Normal Forms and MongoDB
Source: Dev.to
Normal Forms and Modern Data Modeling
When databases were first designed, the relational model focused on enterprise‑wide entities defined before any access patterns were known. The idea was to create a stable, normalized schema that many future applications could share.
Today we design databases for specific applications or bounded domains. Instead of a full model up front, we add features incrementally, gather feedback, and let the schema evolve with the application.

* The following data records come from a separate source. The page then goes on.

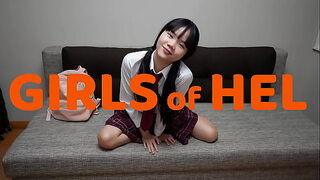old asian dp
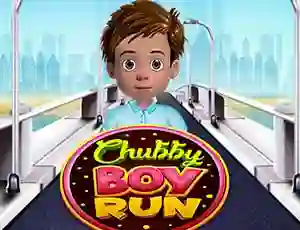 Logħba Chubby Boy Run onlajn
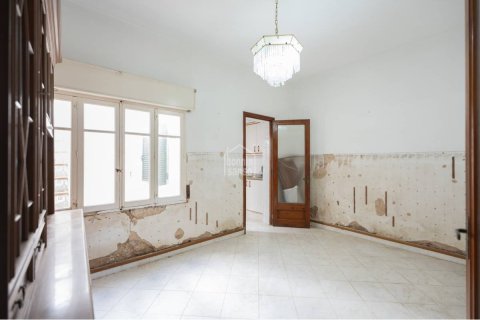 Wohnung in Ciutadella De Menorca, Menorca, Spanien 3 Schlafzimmer, 74 m2 Nr. 168388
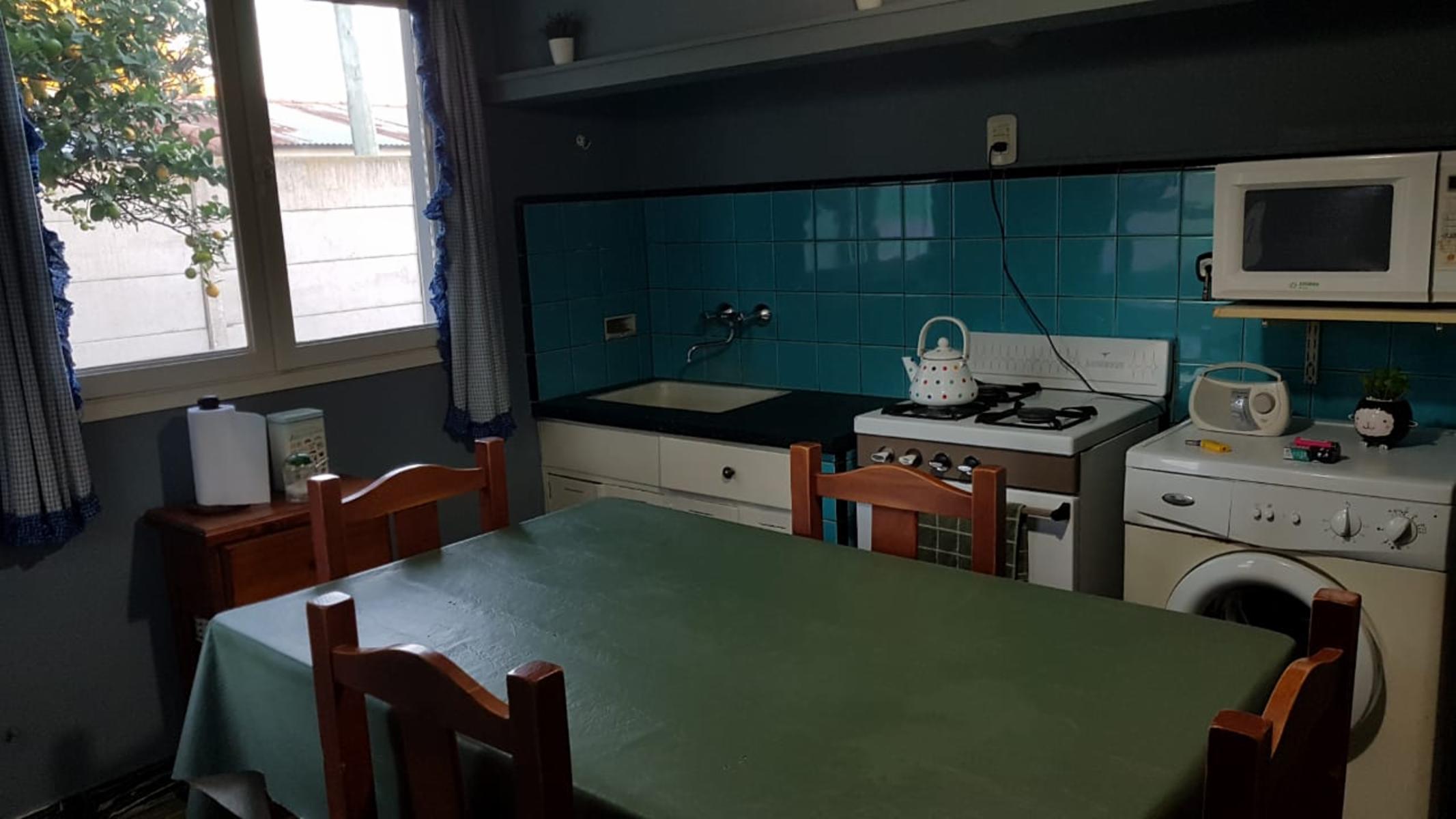 SE VENDE CASA en BARRIO OBRERO con LOTE UNICO 15X30 — foto 12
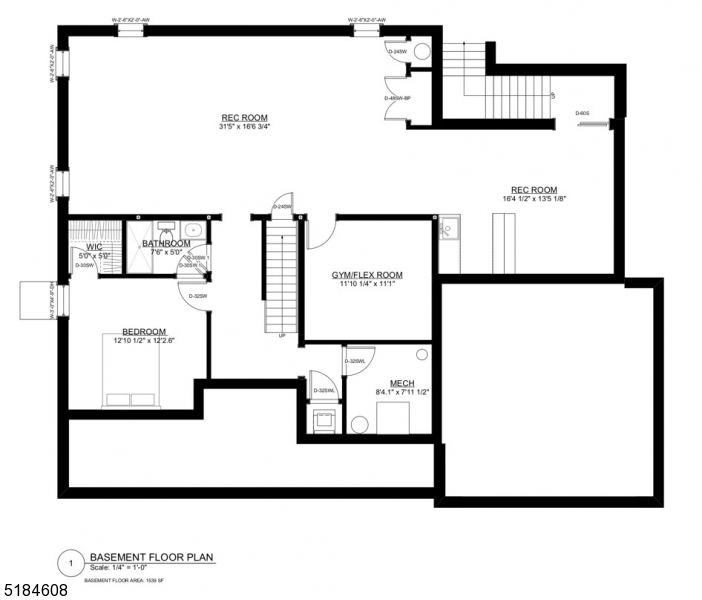 Riker Hill - Residential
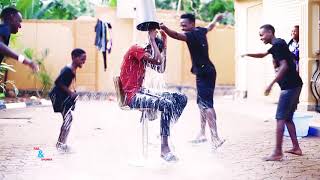 FAIL AND SHOWER GAME BY TRIPLETS GHETTO KIDS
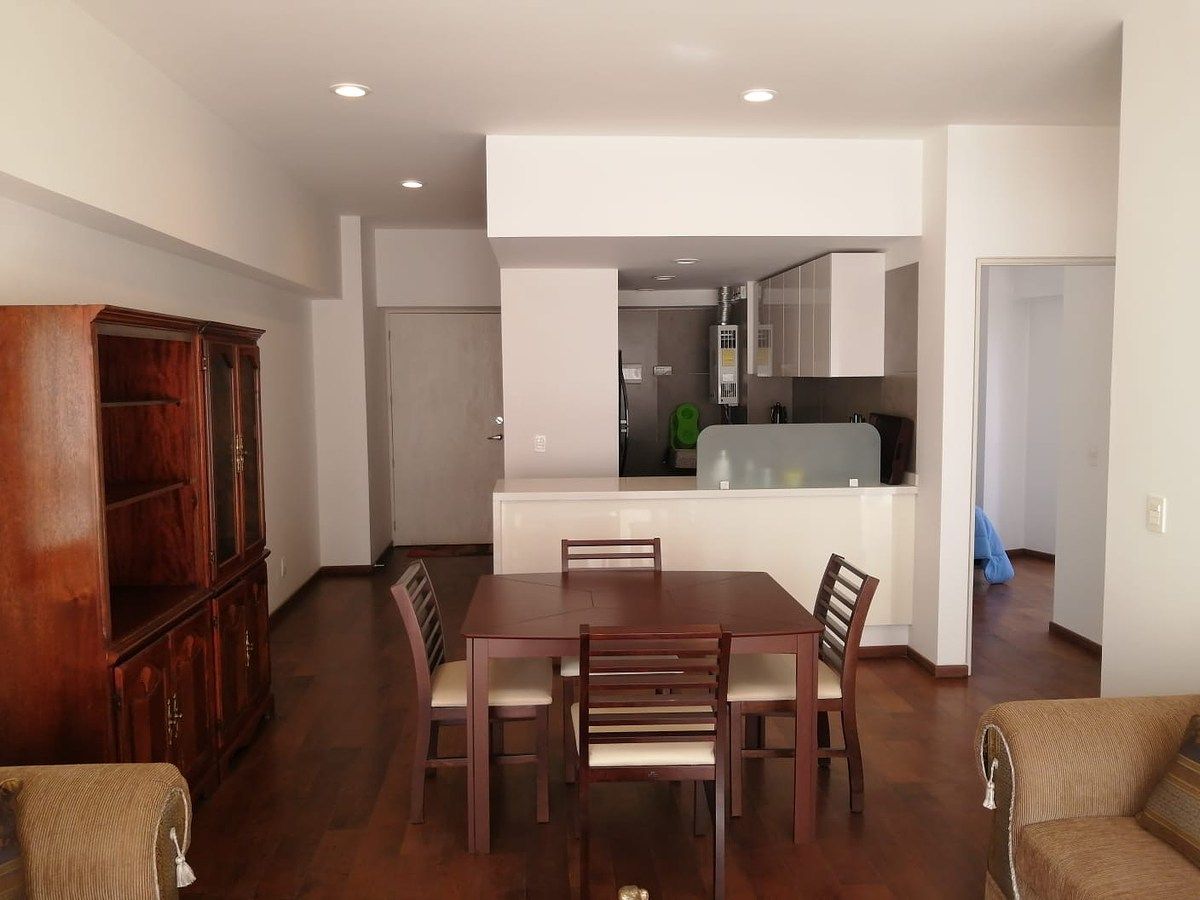 Apartamento em Xoco, Benito Juárez, foto 4 de 9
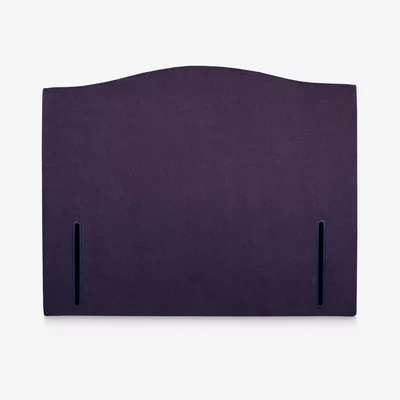 John Lewis John Lewis & Partners Charlotte Full Depth Upholstered Headboard, King Size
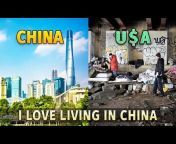 Living in China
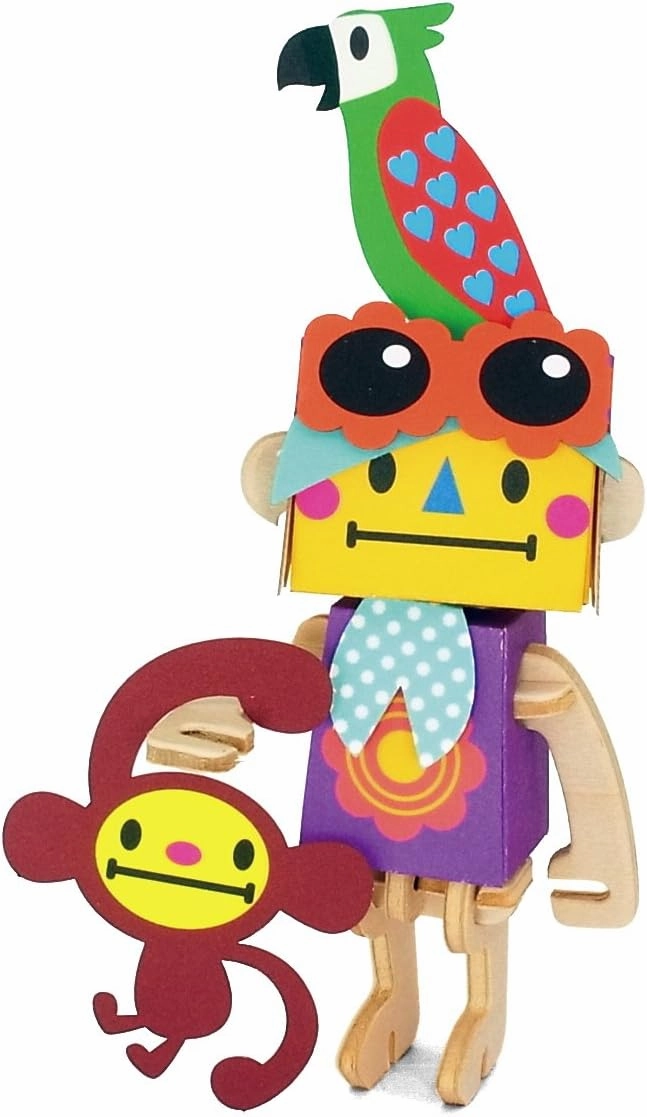 PLAY-DECO Single Sets - Catharine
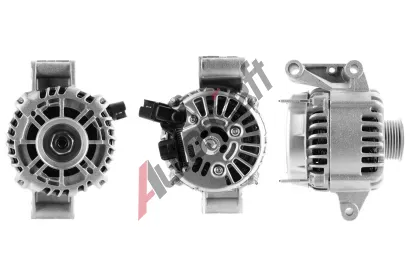 LUCAS Alterntor LU LRB00497, LRB00497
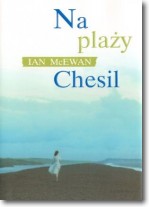 Książka - Na plaży Chesil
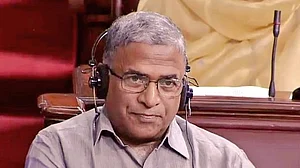 NDA candidate Harivansh re-elected Deputy Chair of Rajya Sabha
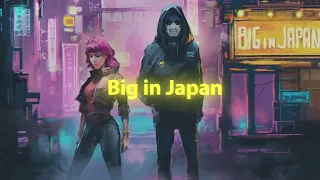 LukHash, Maestro Chives & Meredith Bull - Big in Japan [Monstercat Lyric Video]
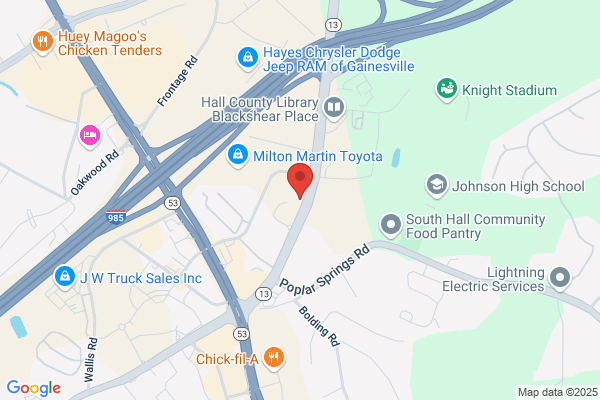 Oakwood Tire Co-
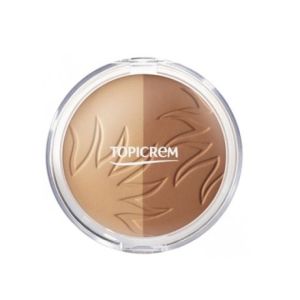 Topicrem -  Poudre Hydra Éclat - 18g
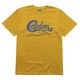 OLSS1304P"GOOD ON"C-LOGO SHORT SLEEVE TEE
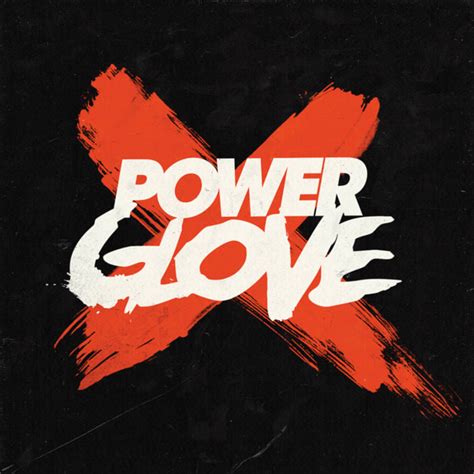 EP 1 | Power Glove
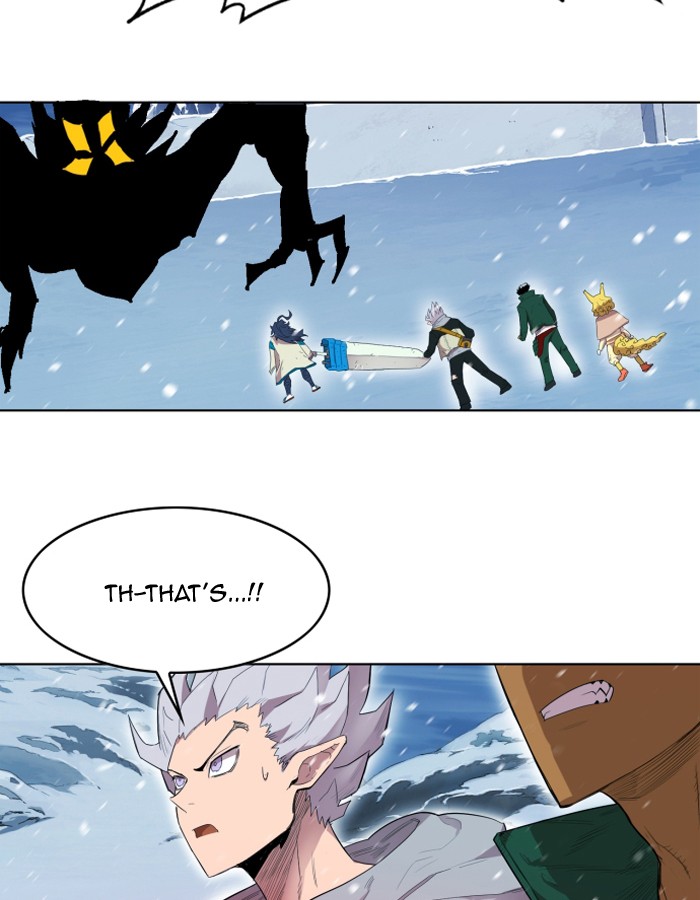 Hardcore Leveling Warrior Chapter 187 page 45 - Chapter 187: [Season 2] Ep. 4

Key point: Normal forms aren’t just relational theory—they describe real data dependencies. Even with MongoDB’s document model you still need to think about normalization; you just have more flexibility in how you apply it.
MVP: One Pizza, One Manager, One Variety, One Area
We’re starting a new business: a large network of pizzerias across many areas with a wide variety of pizzas.
MVP assumptions
| Attribute | Value |
|---|---|
| name | “A1 Pizza” |
| manager | “Bob” |
| variety | “Thick Crust” |
| area | “Springfield” |
{
"name": "A1 Pizza",
"manager": "Bob",
"variety": "Thick Crust",
"area": "Springfield"
}
No repeating groups or multi‑valued attributes → already in First Normal Form (1NF).
Because the MVP data model is simple—one value per attribute and a single key—there are no dependencies that would violate higher normal forms.
Many designs start out fully normalized, not because the designer painstakingly worked through every normal form, but because the initial dataset is too simple for complex dependencies to exist.
Normalization becomes necessary later, as business rules evolve and new varieties, areas, and independent attributes introduce dependencies that higher normal forms address.
Adding Multiple Varieties – Violating 1NF
When a pizzeria can offer several varieties, a naïve approach might be:
{
"name": "A1 Pizza",
"manager": "Bob",
"varieties": "Thick Crust, Stuffed Crust",
"area": "Springfield"
}
Why this breaks 1NF
- Atomicity – each field must hold a single, indivisible piece of data.
- A comma‑separated string cannot be queried, indexed, or updated efficiently as individual varieties.
Proper 1NF‑compliant representation
Relational view – store the one‑to‑many relationship in a separate table.
Document view – use an array instead of a delimited string.
{
"name": "A1 Pizza",
"manager": "Bob",
"email": "bob@a1-pizza.it",
"varieties": ["Thick Crust", "Stuffed Crust"]
}
- Each array element is atomic and independently addressable → satisfies a document‑oriented equivalent of 1NF.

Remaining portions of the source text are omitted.